At the very end of Edible Woman there is a scene where she bakes a cake. Her entire apartment is catastrophic with mess, mould and disarray. Instead of cleaning the place, she buys new ingredients (flour, sugar, salt, etc), a new baking tray, new cake moulds, new measuring cups – new everything, and she bakes her lady cake. And somehow in that mess, once the cake is iced and ready, somehow she finds a little freedom from the madness.
This is how I feel in my apartment. For the past three days I’ve had one slipper missing, so have been walking around the flat with double layer socks on my right foot, and a moccasin slipper on my left. There is a constant pile of dishes across the counter, and the mite protection sheet of my bed (which last week I washed) has been sitting on the sofa waiting for me to strip the mattress – in the meanwhile it’s attracted my handbag, backpack, toque, apron, headphones, sweater, jeans, trackpants, running shoes, jacket, blanket, scarf and shall. The floor needs a good vacuum. The bedroom needs to be tidied . . . the bathroom is okay, so at least there is that.
Anyhow, it’s a little crazy here. Zsolt in the meanwhile is at his computer totally absorbed into this thesis (because if he wasn’t, I’d never get away with leaving my things everywhere). I’m counting down the hours to his submission because: 1) It’s an incredible achievement and I’m bursting with pride over my brilliant man and 2) I miss having the dishes washed every morning.
Honestly, between Zsolt and I – he is the better housekeeper. Lately we’ve been taking turns. During chemo he did the tidying. During thesis I’d do the tidying . . . but now we’re both managing projects (radiotherapy recover and thesis polishing) at the same time.

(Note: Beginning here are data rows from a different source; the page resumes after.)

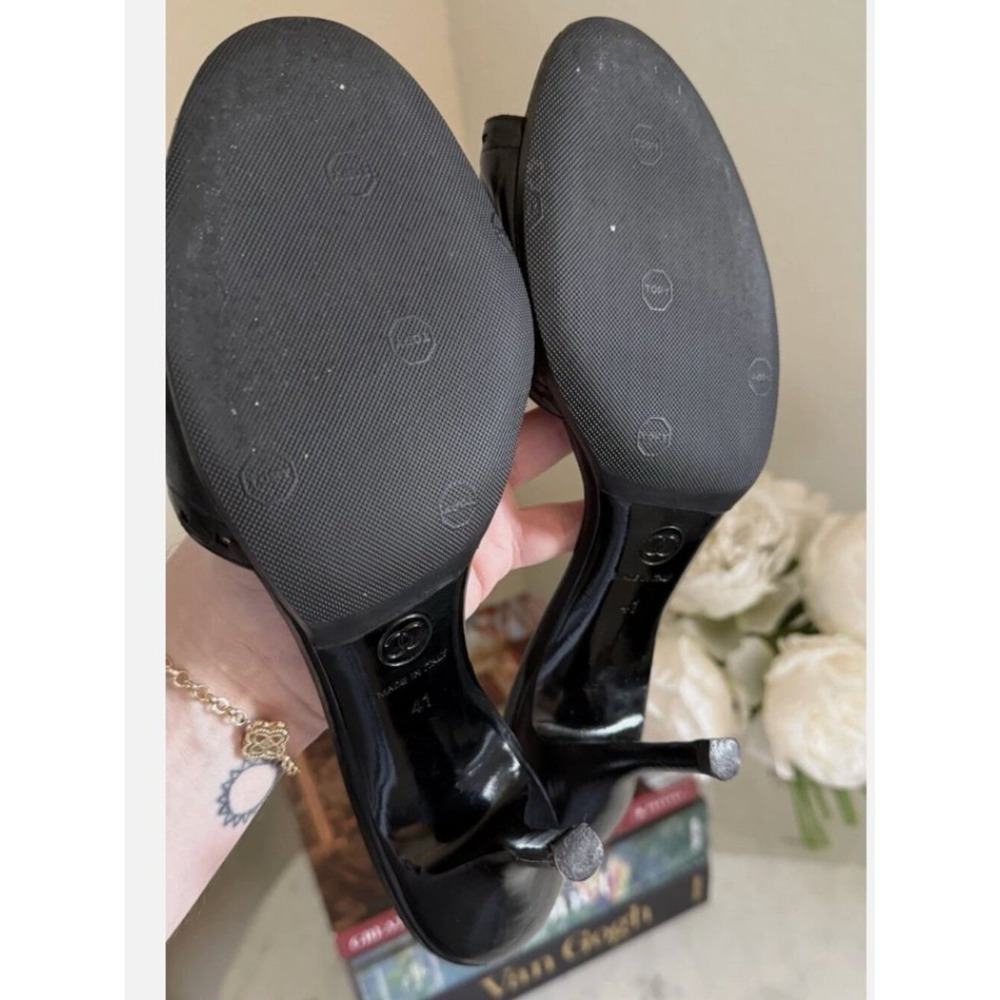 CHANEL S/S 2005 Leather Bow Sandals Mules Open Toe Sandals Heels Shoes 41 - Picture 5 of 8
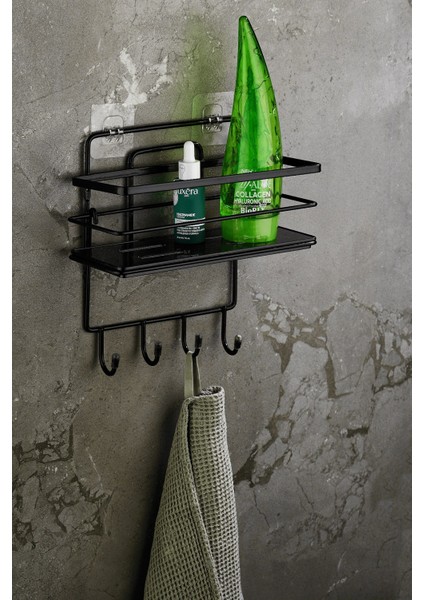 4 Kancalı Yapışkanlı Ayarlanabilir Banyo Duş Rafı – Paslanmaz Kristal Şampuanlık (Yapıştır/vidala) Siyah - Lş-01 - Sssk fırsatları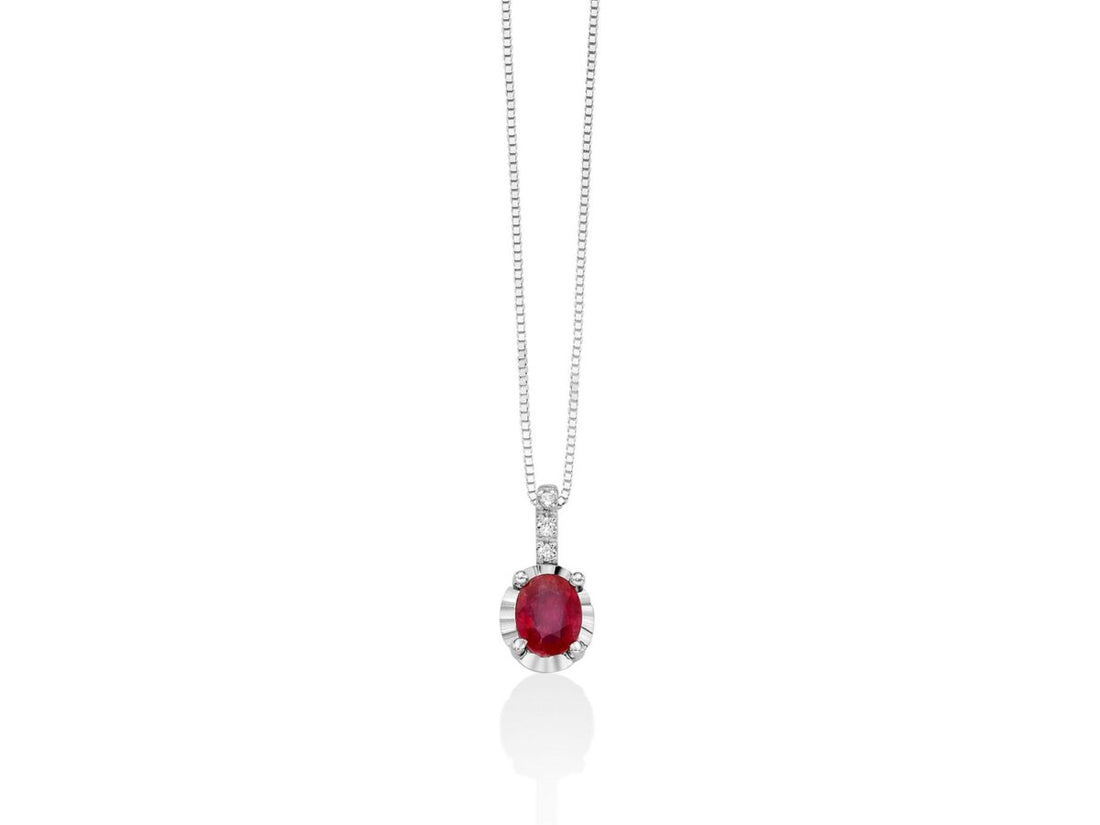 Collana Donna Miluna Oro Bianco 18 KT Diamanti Rubino Rosso CLD4195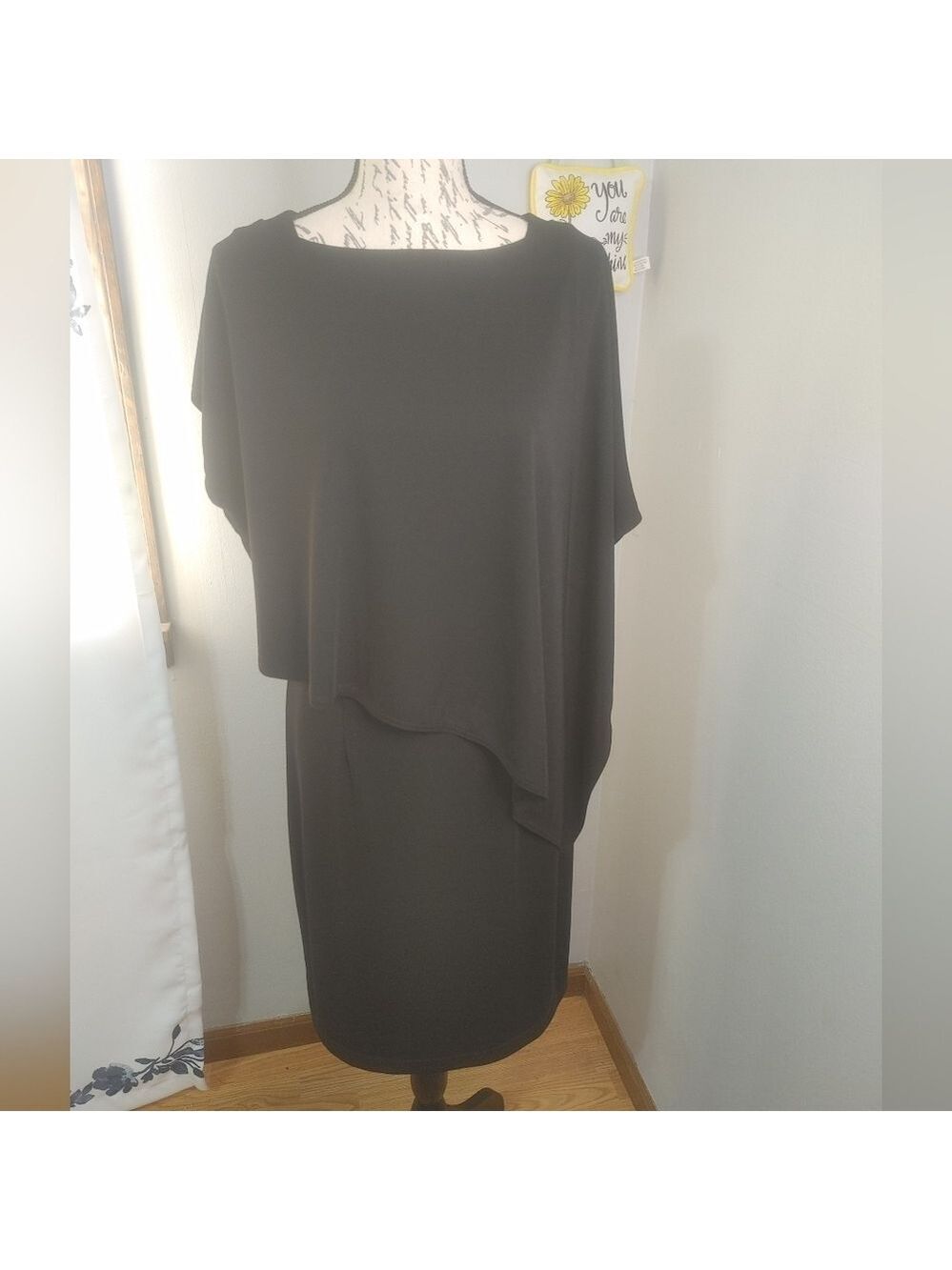 Vintage Joseph Ribkoff Black Two-piece Stretchy Cocktail Dress Size 10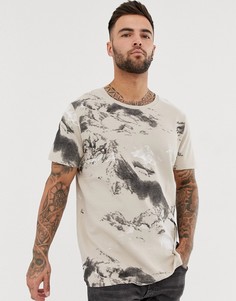 Светло-коричневая oversize-футболка из вафельного трикотажа с принтом Jack & Jones Core - Рыжий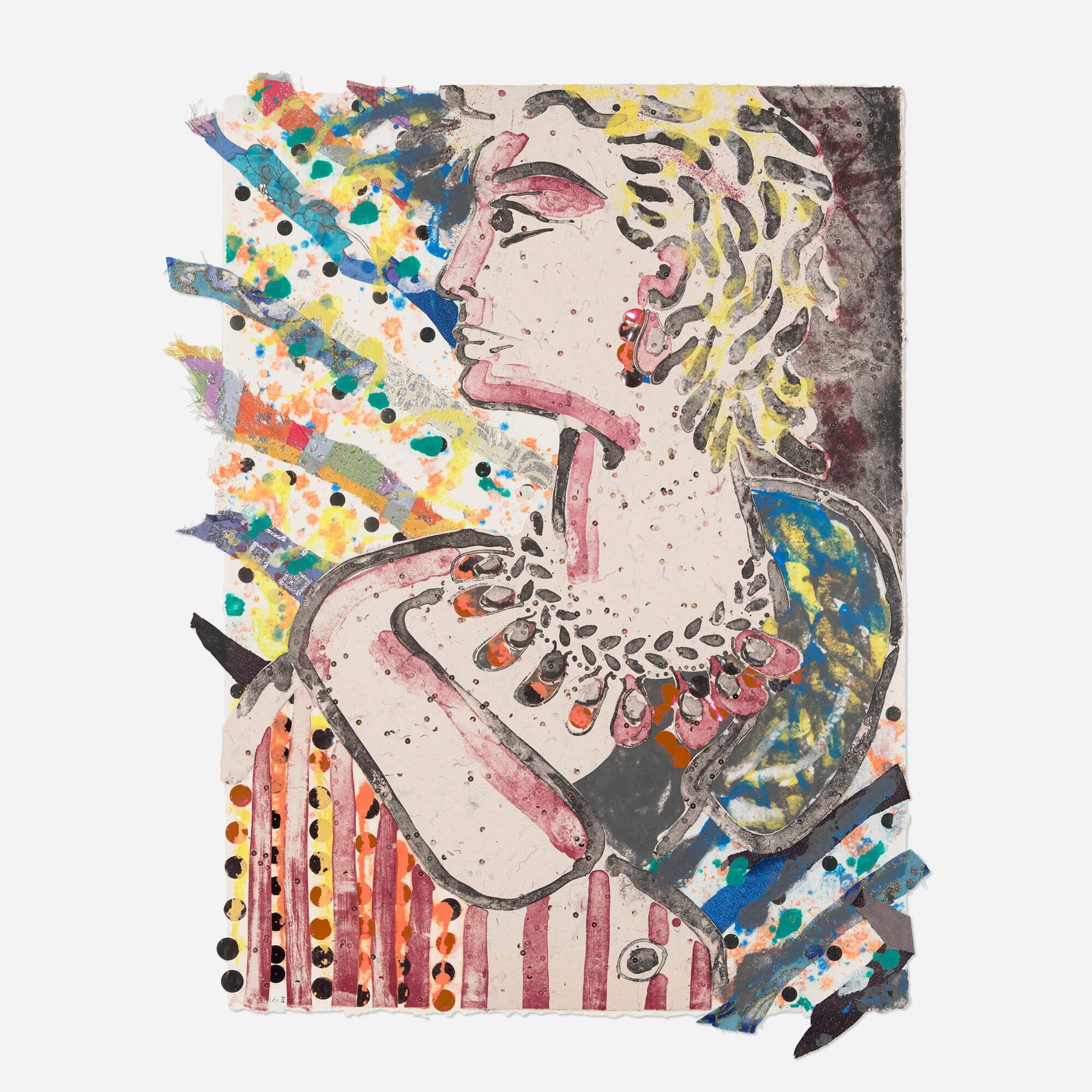 Robert Kushner, Rhonda II: Robert Kushner Rhonda II 1982-83 lithograph in colors with mixed media collage 40.375 h x 31 w in (103 x 79 cm) Signed and titled to lower edge 'Rhonda II Robert Kush'. This work will ship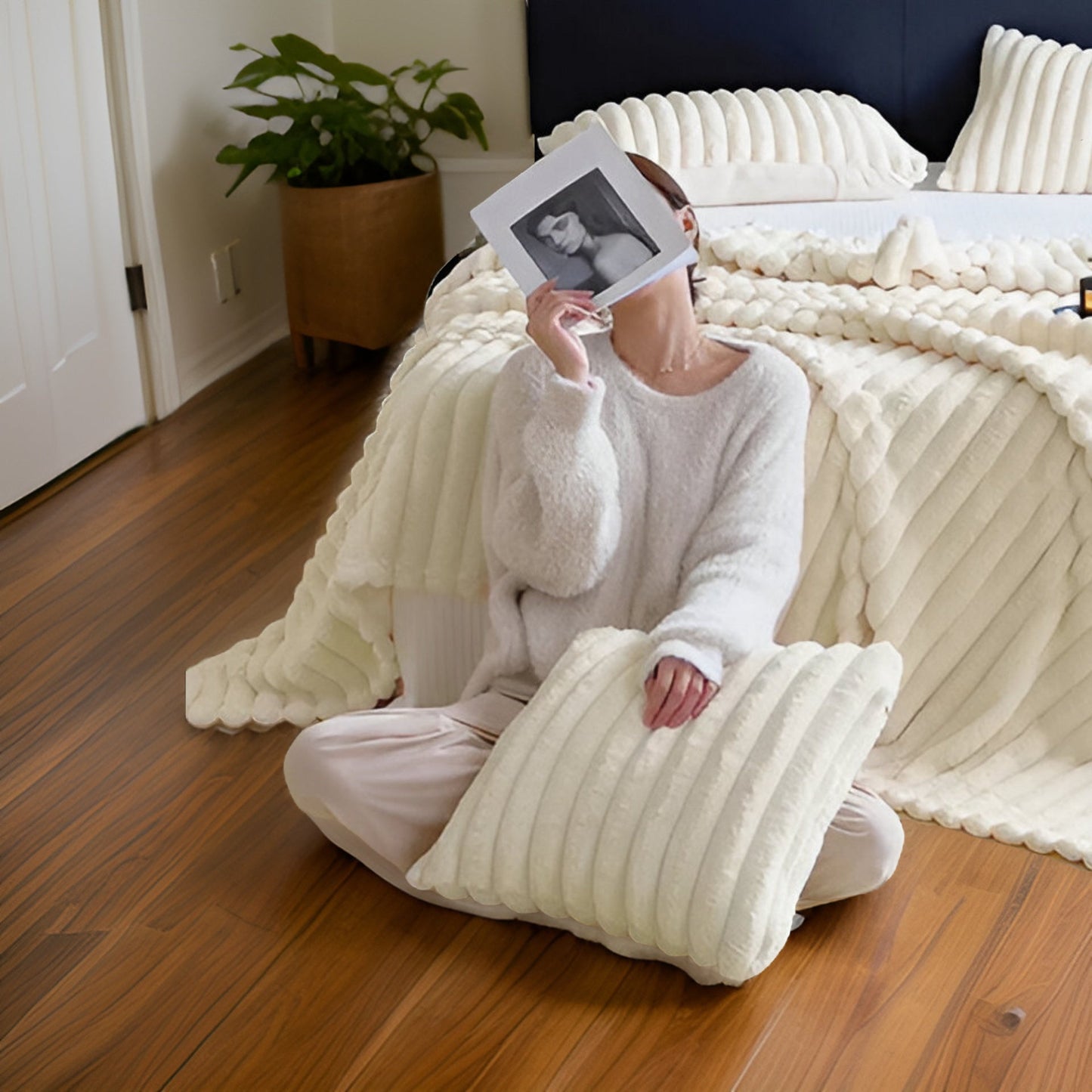 Zyra – Couverture polaire douce pour canapé & moments de détente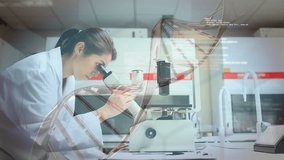 Digital composite of female Caucasian scientist looking in to a microscope and a DNA strand with codes in the foreground - Powered by Shutterstock - Get 15% off with code: PIKWIZARD15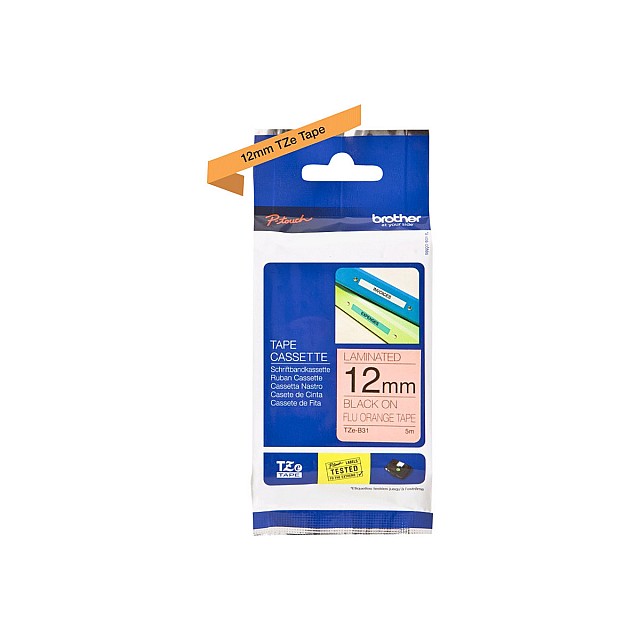 BROTHER TZEB31 Tape Black/Orange 12mm 5M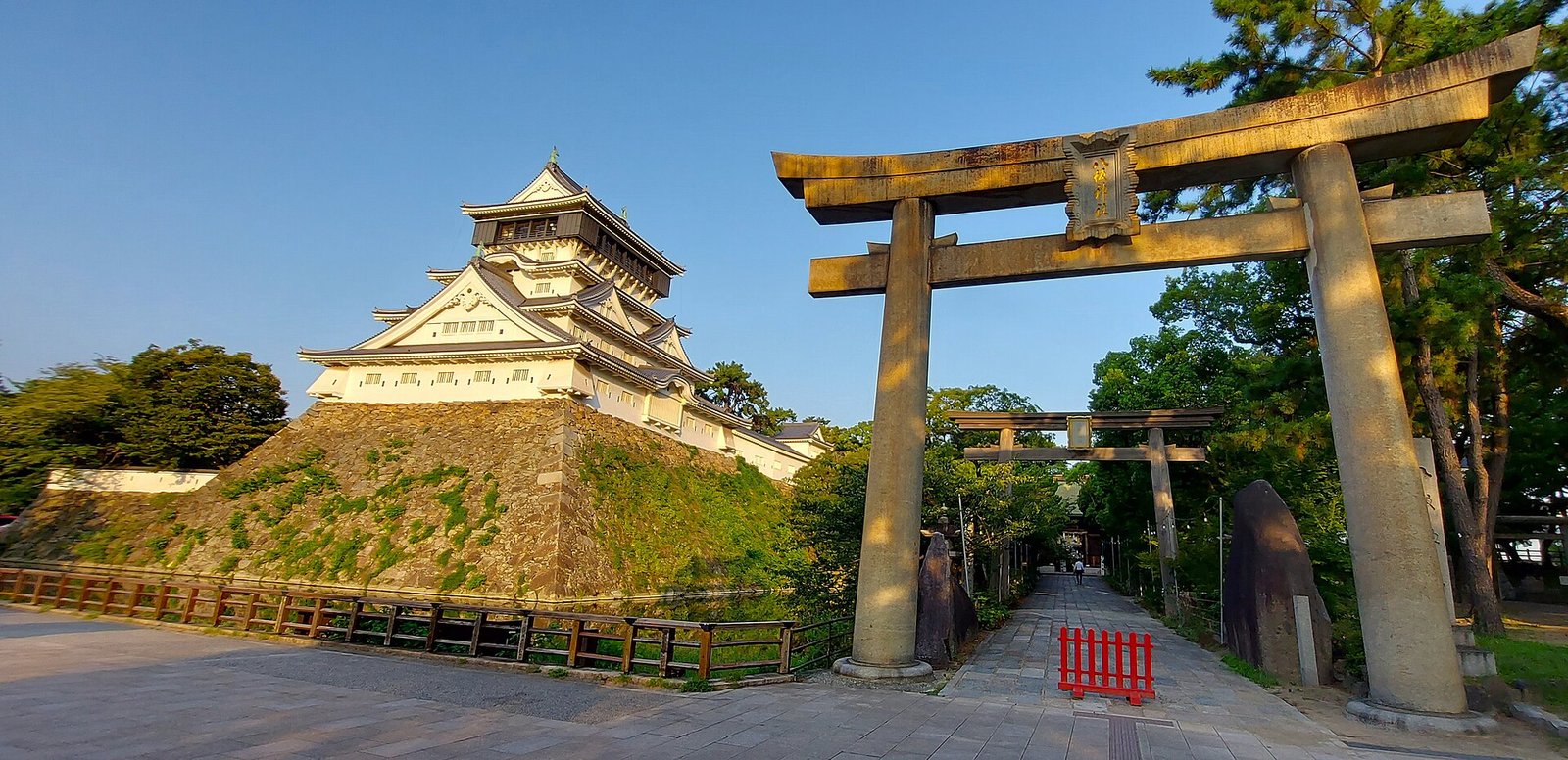 Kokura Castle with modern apartment blocks behind it in Kitakyushu, Fukuoka Prefecture
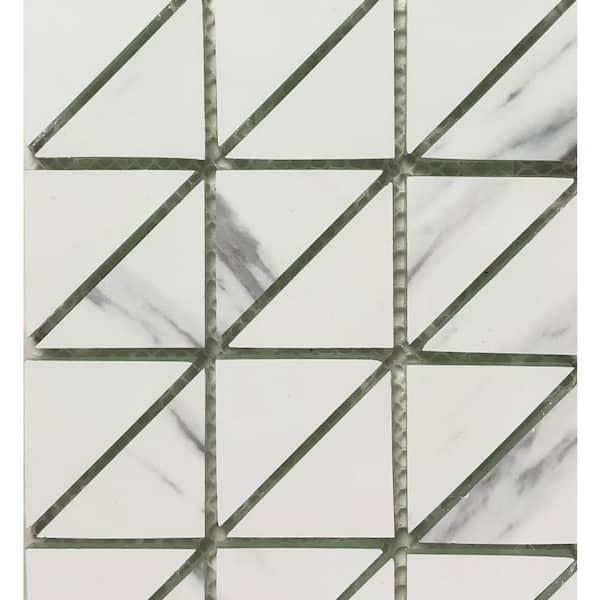 Art Deco Carrara White 12 in. x 12 in. Triangle Square Glass Mosaic Backsplash Wall Tile (2 Sq. Ft./Case)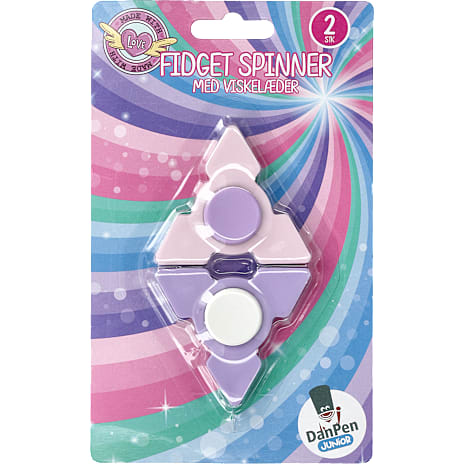 Danpen Junior fidget spinner 2-pak - lyserød/lilla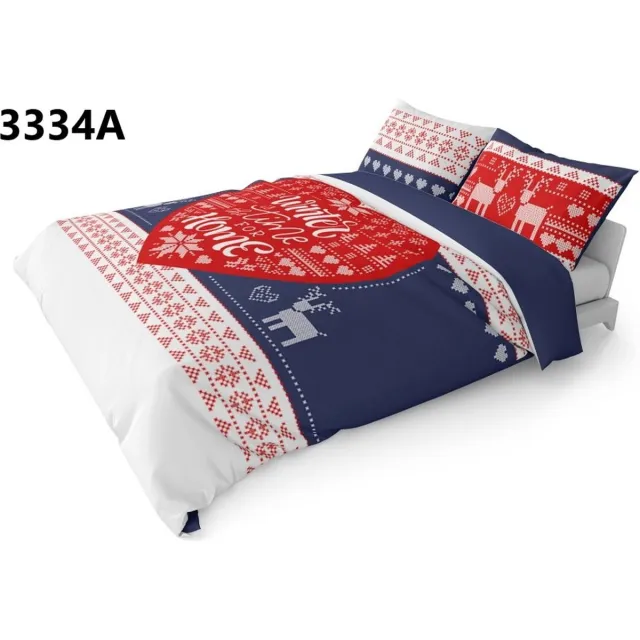 Detexpol Dekbedovertrek - 100% katoen - . Kerst patronen. Wit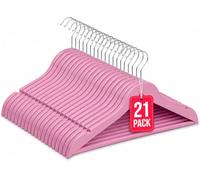 COM-FORT HOUSE Cintre pour Enfants coloré (Lot de 12 et 21 unités) en Bois d'érable avec encoches antidérapantes et Crochet pivotant à 360 ° de 30 cm (Rose, 21)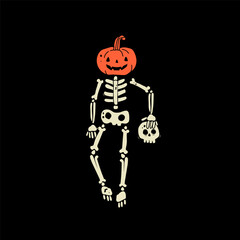 Human Skeleton with pumpkin holding own head. Hand drawn modern Vector illustration. Isolated design element. Poster, print template. Cute creepy character. Halloween, spooky, horror, holiday concept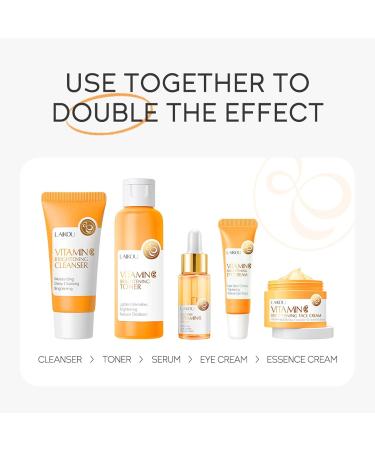 Skincare Gift Set for Teenage Girls - 5 Piece Vitamin C Travel Size Kit with Cleanser Toner Serum Eye Cream & Face Cream - Buy Online on SooperMarket.com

Here is a good question: how do people with children manage? I really, really admire all the mothers and fathers who somehow produce a liveable household for their family. I cannot understand how you do it, which makes your results all the more impressive.
So – waiting for that moment of clarity now. Maybe it’ll come in the form of moving boxes, charity shop donations, and the inevitable vacating of this property. Who knows? Hopefully, eventually, I’ll at least find my other slipper.